The party seeking summary judgment shoulders the initial burden of demonstrating to the court that there is no genuine issue of material fact. Celotex Corp. v. Catrett, 477 U.S. 317, 323 (1986). Once the movant has made this threshold demonstration, the non-moving party, to survive the motion for summary judgment, may not rest on the allegations averred in his pleadings. Id. at 324. Rather, the non-moving party must demonstrate specific, material facts exist that give rise to a genuine issue. Id. Under this standard, the existence of a mere scintilla of evidence in support of the non-movant's position is insufficient to withstand the summary judgment motion. Anderson, 477 U.S. at 252. Likewise, conclusory allegations or denials, without more, are insufficient to preclude granting the summary judgment motion. Id. at 248. "Only disputes over facts that might affect the outcome of the suit under the governing law will properly preclude the entry of summary judgment. Factual disputes that are irrelevant or unnecessary will not be counted." Id. Further, Rule 56 provides in pertinent part:

A party asserting that a fact cannot be or is genuinely disputed must support the assertion by:

(A) citing to particular parts of materials in the record, including depositions, documents, electronically stored information, affidavits or declarations, stipulations (including those made for purposes of the motion only), admissions, interrogatory answers, or other materials; or

(B) showing that the materials cited do not establish the absence or presence of a genuine dispute, or that an adverse party cannot produce admissible evidence to support the fact.
Fed. R. Civ. P. 56(c)(1). Accordingly, when Rule 56(c) has shifted the burden of proof to the non-movant, he must produce existence of a factual dispute on every element essential to his action that he bears the burden of adducing at a trial on the merits.

DISCUSSION

Title VII makes it unlawful for an employer "to discriminate against any individual with respect to . . . compensation, terms, conditions, or privileges of employment because of such individual's race, color, religion, sex, or national origin." 42 U.S.C. § 2000e-2(a)(1). Title VII's retaliation provision forbids an employer from taking action that discriminates against an employee because that employee has either "opposed any practice made an unlawful employment practice by this subchapter" or has "made a charge, testified, assisted, or participated in any manner in an investigation, proceeding, or hearing under this subchapter." 42 U.S.C. § 2000e-3(a). The purpose of this antiretaliation provision is to prevent "an employer from interfering (through retaliation) with an employee's efforts to secure or advance enforcement of the Act's basic guarantees." Burlington N. & Santa Fe Ry. Co. v. White, 548 U.S. 53, 63 (2006).
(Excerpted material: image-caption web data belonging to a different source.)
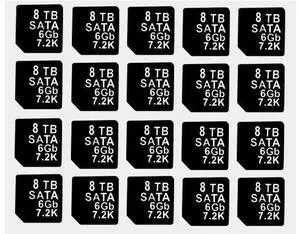 20PCS Capacity Sticker Label for Hard Drive Tray Caddy DXD9H 0DXD9H X7K8W 0X7K8W, Compatible for D-ELL PowerEdge 16th-14th Gen r740 r640 r440 r340 r750 r650 r550 r760 r660 r6625, 8TB, SATA, 6GB, 7.2K 20PCS Capacity Sticker Label for Hard Drive Tray Caddy DXD9H 0DXD9H X7K8W 0X7K8W, Compatible for D-ELL PowerEdge 16th-14th Gen r740 r640 r440 r340 r750 r650 r550 r760 r660 r6625, 8TB, SATA, 6GB, 7.2K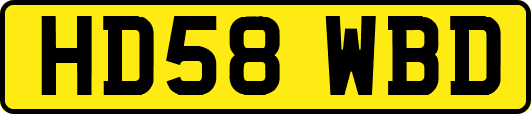 HD58WBD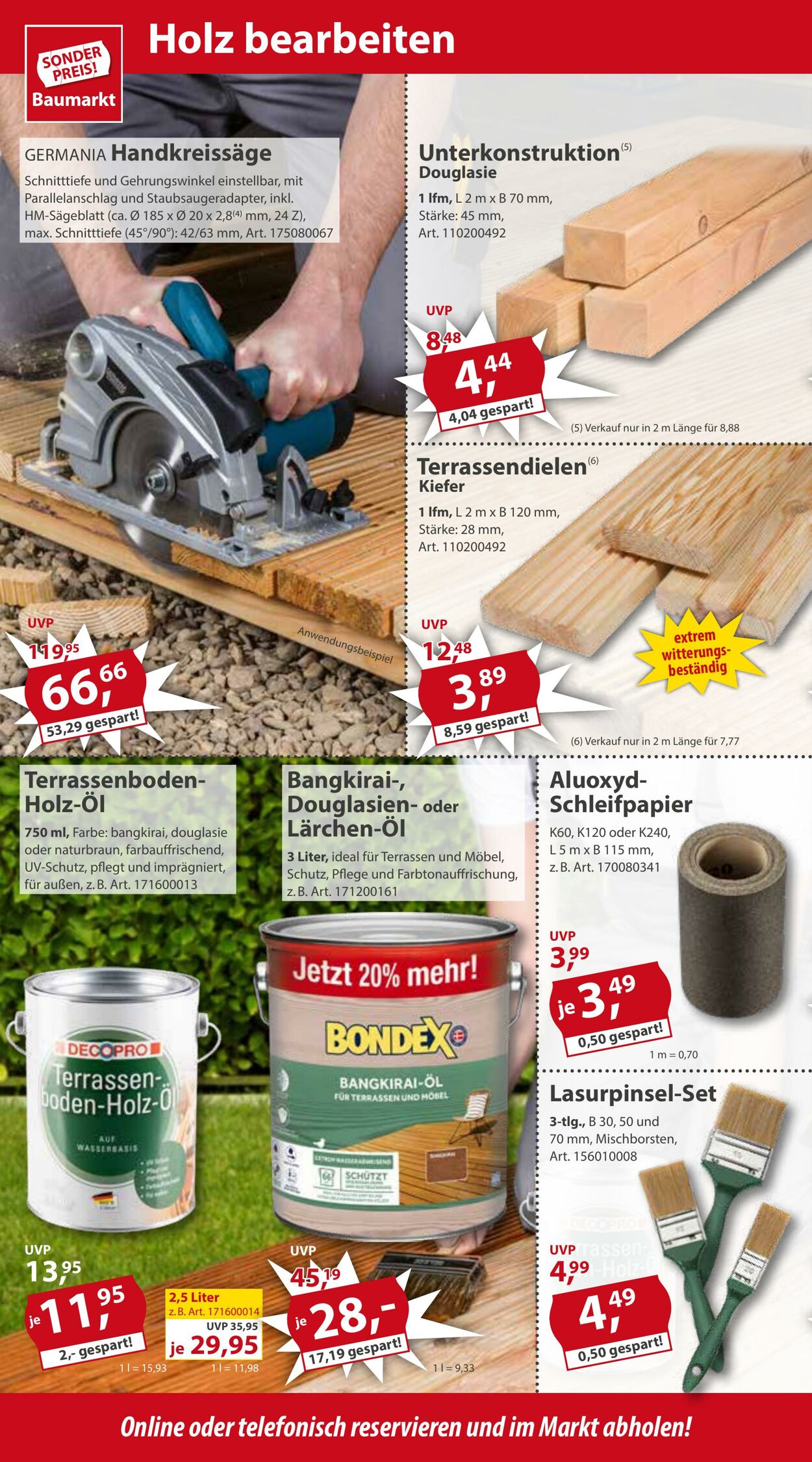 Prospekt Sonderpreis Baumarkt 15.04.2023 - 21.04.2023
Through the two clauses of the antiretaliation provision, Title VII protects activities that "fall into two distinct categories: participation or opposition." Laughlin v. Metro. Wash. Airports Auth., 149 F.3d 253, 259 (4th Cir. 1998). Here, Plaintiff alleges he engaged in participation activity by filing a charge of discrimination with the EEOC.
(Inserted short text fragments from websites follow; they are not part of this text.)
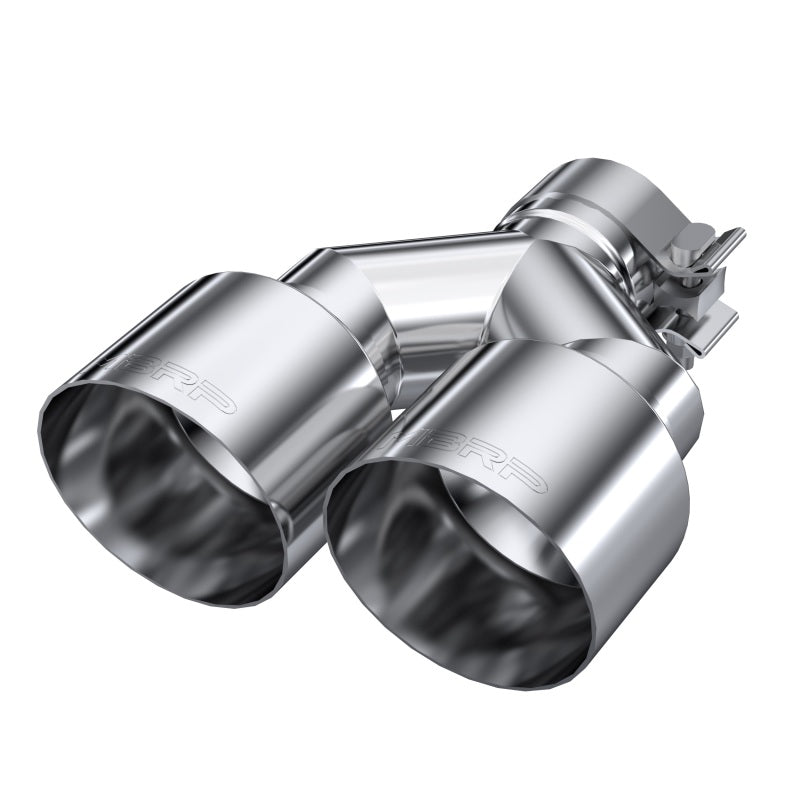 MBRP T304 stainless steel dual exhaust tip with 2.5 inch inlet and dual 4 inch outlets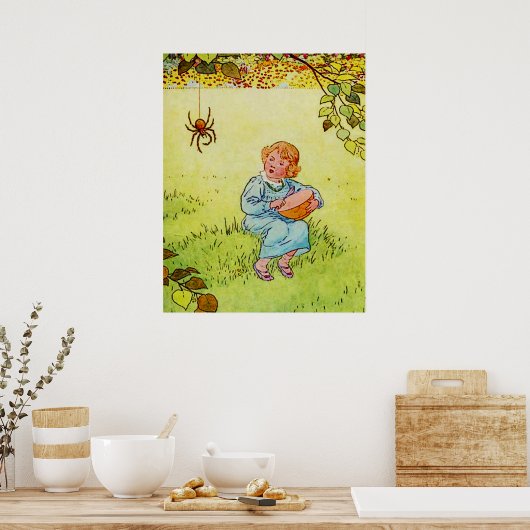 Little Miss Muffet Poster (Küche)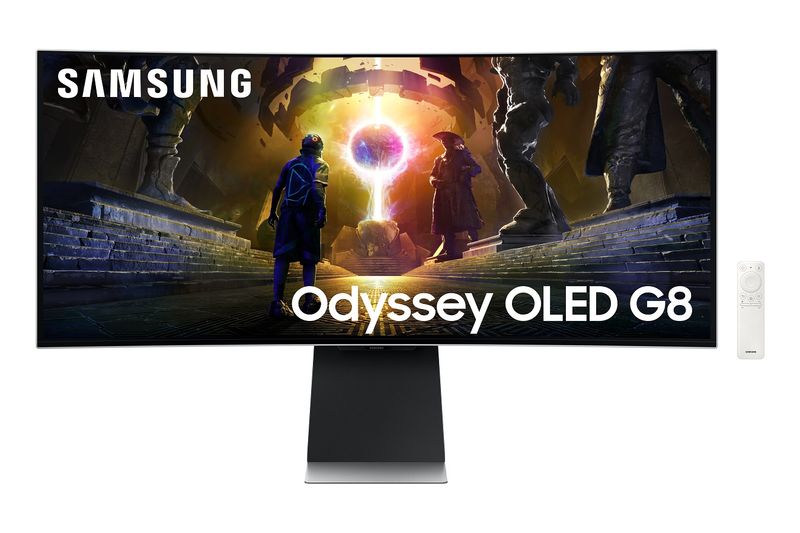 Samsung Odyssey OLED G8/G855D/34''/OLED/3440x1440/175Hz/0,03ms/Silver/3R
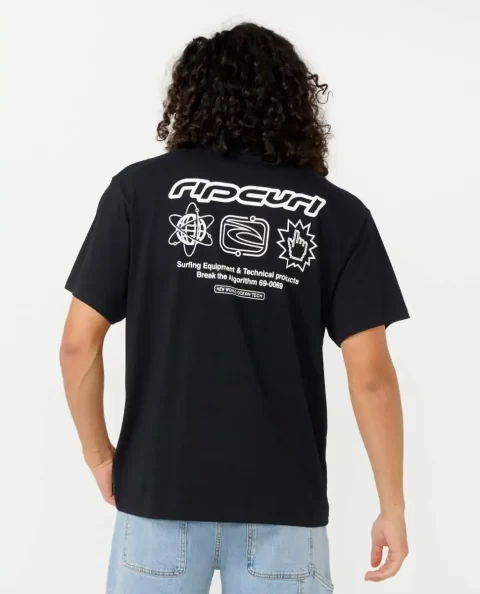 Mens Rip Curl Tees & Tanks Archive Super Computer Tee - Image 3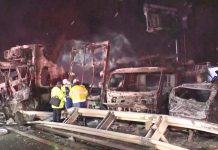 জাপানে দুর্ঘটনার কবলে ৫০ গাড়ি, নিহত দুই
Absent direct or indirect evidence of discrimination or retaliation, a Title VII plaintiff may proceed under the burden-shifting framework of McDonnell Douglas Corp. v. Green, 411 U.S. 792 (1973), to establish a claim of employment discrimination or retaliation. Foster v. Univ. of Md.-Eastern Shore, 787 F.3d 243, 249 (4th Cir. 2015); Diamond v. Colonial Life & Acc. Ins. Co., 416 F.3d 310, 318 (4th Cir. 2005). Under the burden-shifting framework, an employee must first prove a prima facie case of discrimination or retaliation. McDonnell Douglas, 411 U.S. at 802. If the plaintiff succeeds, the burden then shifts to the employer to articulate some legitimate, nondiscriminatory and nonretaliatory reason for the adverse employment action. Id. By providing such an explanation, the employer rebuts the presumption of discrimination or retaliation created by the prima facie case, and "[t]he presumption, having fulfilled its role of forcing the [employer] to come forward with some response, simply drops out of the picture." St. Mary's Honor Ctr. v. Hicks, 509 U.S. 502, 510-11 (1993) (citing Tex. Dep't of Cmty. Affairs v. Burdine, 450 U.S. 248, 255 (1981)). If the employer articulates a legitimate, nondiscriminatory and nonretaliatory reason, the burden shifts back to the employee to show that the articulated reason was actually a pretext for discrimination or retaliation. McDonnell Douglas, 411 U.S. at 804.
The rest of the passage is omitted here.